TASK BRIEF
In the listing below, the answer starts at the line that has "New Stream devoted" and stops after the line that has "Rajmahal to Malda"; please repeat that part exactly and nothing more.

INFORMATION GIVEN
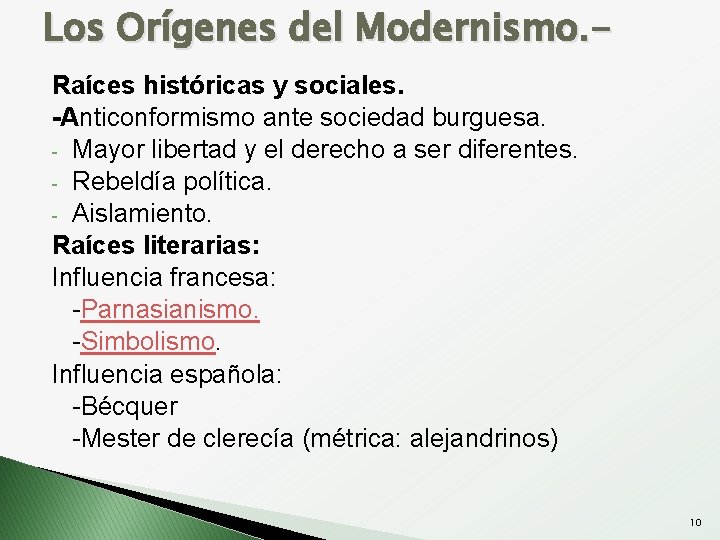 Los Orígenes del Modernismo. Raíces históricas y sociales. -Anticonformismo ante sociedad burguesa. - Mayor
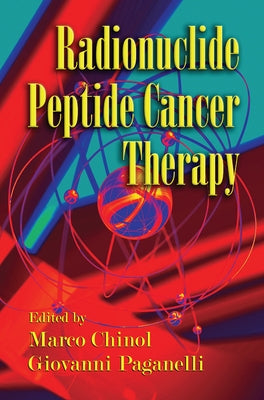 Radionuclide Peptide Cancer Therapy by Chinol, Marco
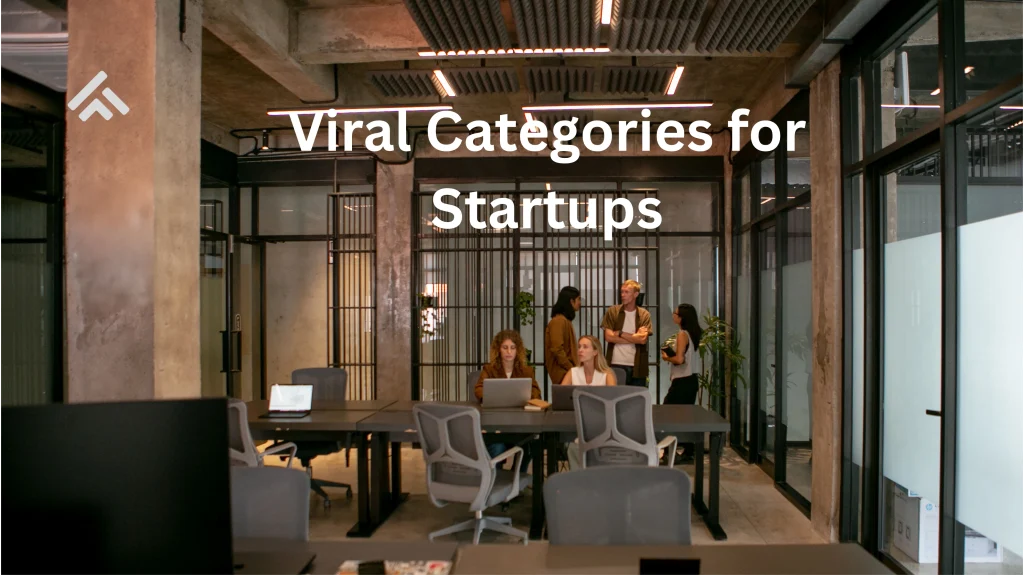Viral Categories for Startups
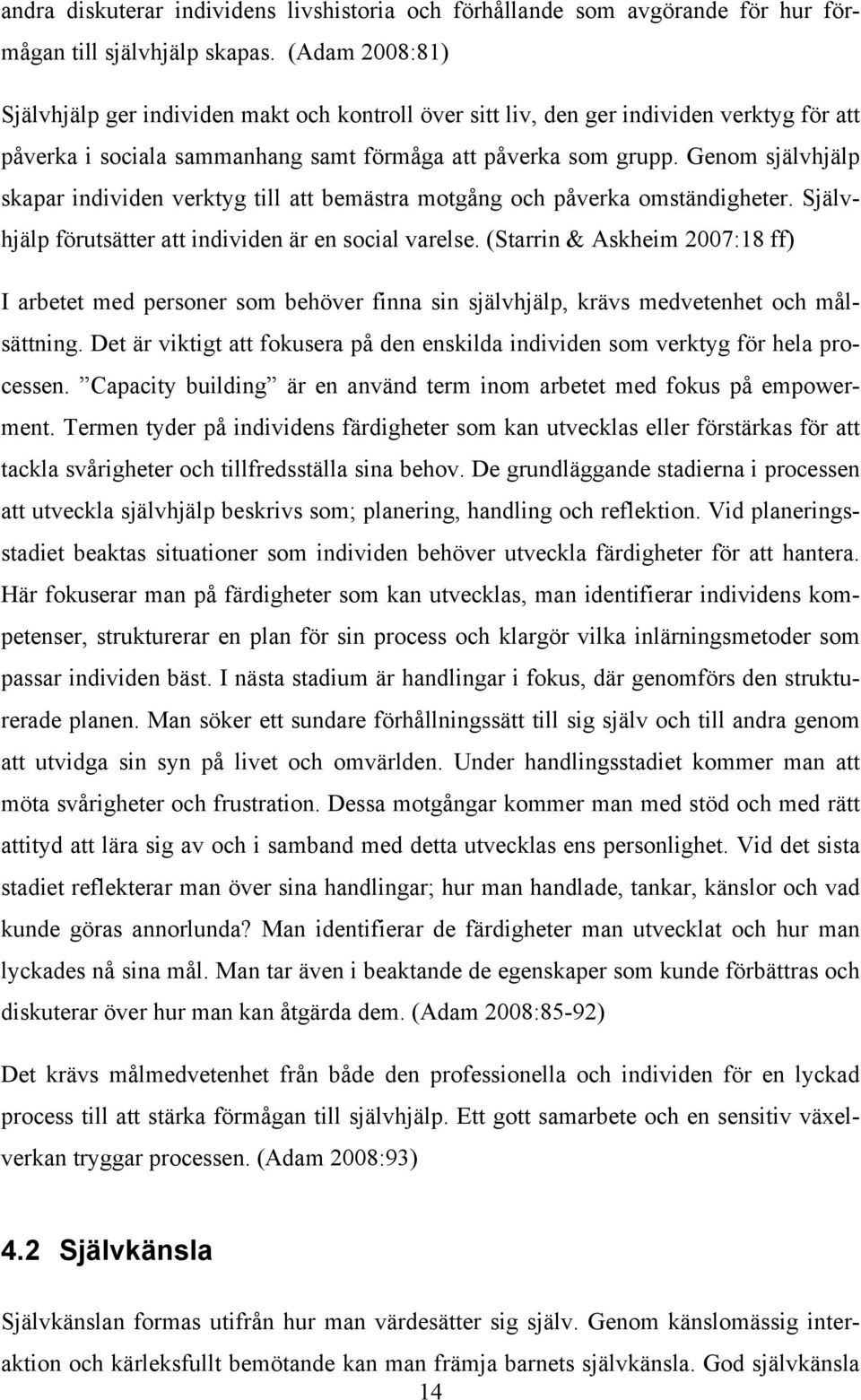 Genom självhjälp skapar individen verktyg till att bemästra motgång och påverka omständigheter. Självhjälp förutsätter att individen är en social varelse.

==

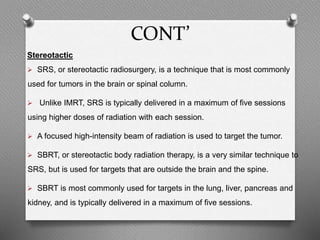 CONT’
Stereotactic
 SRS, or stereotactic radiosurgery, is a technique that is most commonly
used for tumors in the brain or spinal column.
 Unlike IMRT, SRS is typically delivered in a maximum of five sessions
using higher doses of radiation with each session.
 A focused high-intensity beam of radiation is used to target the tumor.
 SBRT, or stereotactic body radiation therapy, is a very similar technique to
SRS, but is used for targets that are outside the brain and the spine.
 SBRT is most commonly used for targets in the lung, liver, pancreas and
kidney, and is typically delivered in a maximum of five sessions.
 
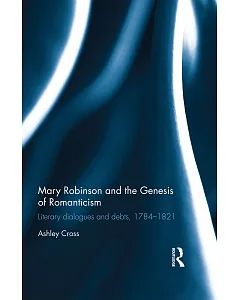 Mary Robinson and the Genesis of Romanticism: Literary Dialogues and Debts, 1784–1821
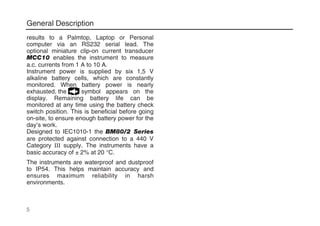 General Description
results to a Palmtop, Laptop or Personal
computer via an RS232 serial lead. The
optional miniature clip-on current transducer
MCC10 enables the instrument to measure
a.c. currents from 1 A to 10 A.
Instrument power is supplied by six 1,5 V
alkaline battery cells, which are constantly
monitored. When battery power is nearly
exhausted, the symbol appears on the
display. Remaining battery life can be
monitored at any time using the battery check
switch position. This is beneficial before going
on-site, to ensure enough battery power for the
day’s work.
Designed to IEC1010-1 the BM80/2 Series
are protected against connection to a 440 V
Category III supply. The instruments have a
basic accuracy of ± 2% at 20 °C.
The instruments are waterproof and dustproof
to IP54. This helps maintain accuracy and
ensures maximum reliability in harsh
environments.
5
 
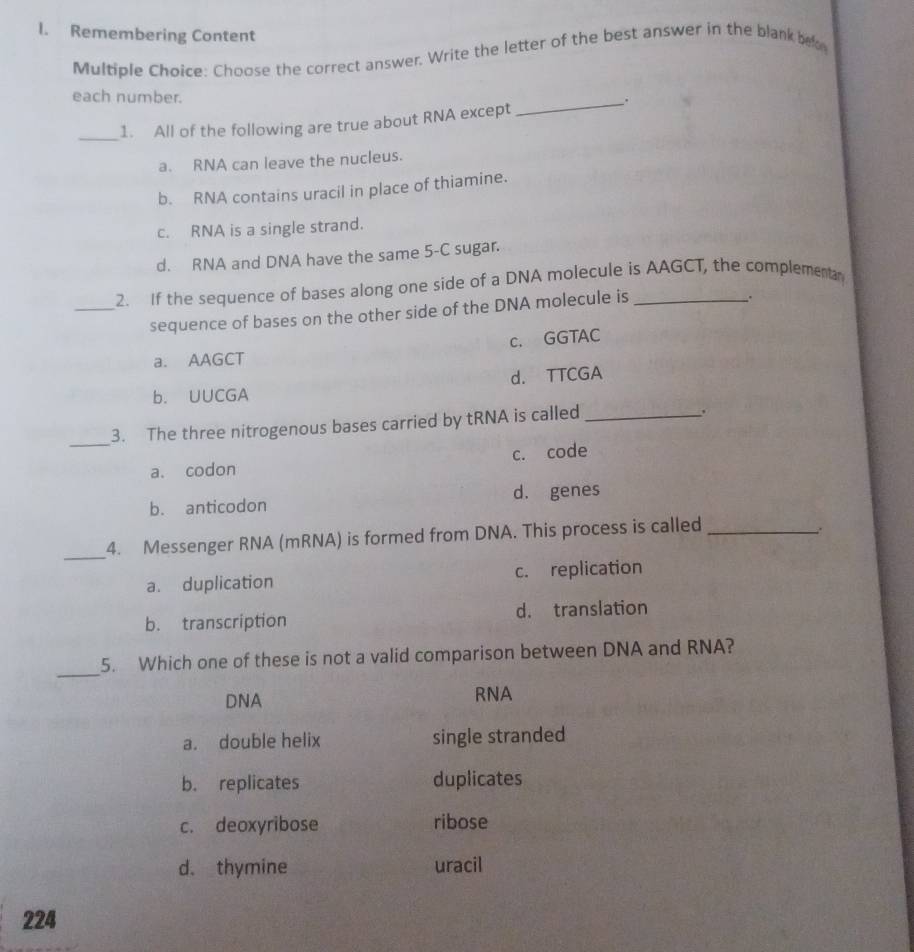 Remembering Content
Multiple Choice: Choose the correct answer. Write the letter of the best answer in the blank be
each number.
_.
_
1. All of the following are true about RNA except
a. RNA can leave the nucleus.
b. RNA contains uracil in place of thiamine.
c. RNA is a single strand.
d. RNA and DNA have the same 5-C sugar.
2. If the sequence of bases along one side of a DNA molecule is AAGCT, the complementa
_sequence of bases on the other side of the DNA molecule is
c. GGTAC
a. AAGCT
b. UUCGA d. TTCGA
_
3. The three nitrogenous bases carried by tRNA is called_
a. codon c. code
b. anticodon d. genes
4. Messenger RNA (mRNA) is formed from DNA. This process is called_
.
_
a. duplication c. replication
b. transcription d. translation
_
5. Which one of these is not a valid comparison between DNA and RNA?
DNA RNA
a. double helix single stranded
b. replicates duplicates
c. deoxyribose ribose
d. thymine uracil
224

==

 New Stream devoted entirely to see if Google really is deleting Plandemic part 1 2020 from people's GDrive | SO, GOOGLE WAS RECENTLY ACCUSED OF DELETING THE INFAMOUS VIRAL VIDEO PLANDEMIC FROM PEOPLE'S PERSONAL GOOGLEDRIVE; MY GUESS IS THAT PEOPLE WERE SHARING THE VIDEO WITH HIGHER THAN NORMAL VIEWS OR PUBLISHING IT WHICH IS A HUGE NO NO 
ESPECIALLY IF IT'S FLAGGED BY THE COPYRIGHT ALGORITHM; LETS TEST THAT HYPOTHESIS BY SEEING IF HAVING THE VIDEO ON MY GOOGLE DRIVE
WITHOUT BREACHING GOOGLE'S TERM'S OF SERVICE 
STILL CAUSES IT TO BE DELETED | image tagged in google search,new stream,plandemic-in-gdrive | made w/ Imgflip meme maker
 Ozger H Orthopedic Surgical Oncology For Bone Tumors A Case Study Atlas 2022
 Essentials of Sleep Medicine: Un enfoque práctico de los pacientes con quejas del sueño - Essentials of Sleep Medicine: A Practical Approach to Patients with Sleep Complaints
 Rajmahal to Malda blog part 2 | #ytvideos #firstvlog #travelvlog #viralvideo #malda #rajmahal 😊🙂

TASK SOLUTION
 New Stream devoted entirely to see if Google really is deleting Plandemic part 1 2020 from people's GDrive | SO, GOOGLE WAS RECENTLY ACCUSED OF DELETING THE INFAMOUS VIRAL VIDEO PLANDEMIC FROM PEOPLE'S PERSONAL GOOGLEDRIVE; MY GUESS IS THAT PEOPLE WERE SHARING THE VIDEO WITH HIGHER THAN NORMAL VIEWS OR PUBLISHING IT WHICH IS A HUGE NO NO 
ESPECIALLY IF IT'S FLAGGED BY THE COPYRIGHT ALGORITHM; LETS TEST THAT HYPOTHESIS BY SEEING IF HAVING THE VIDEO ON MY GOOGLE DRIVE
WITHOUT BREACHING GOOGLE'S TERM'S OF SERVICE 
STILL CAUSES IT TO BE DELETED | image tagged in google search,new stream,plandemic-in-gdrive | made w/ Imgflip meme maker
 Ozger H Orthopedic Surgical Oncology For Bone Tumors A Case Study Atlas 2022
 Essentials of Sleep Medicine: Un enfoque práctico de los pacientes con quejas del sueño - Essentials of Sleep Medicine: A Practical Approach to Patients with Sleep Complaints
 Rajmahal to Malda blog part 2 | #ytvideos #firstvlog #travelvlog #viralvideo #malda #rajmahal 😊🙂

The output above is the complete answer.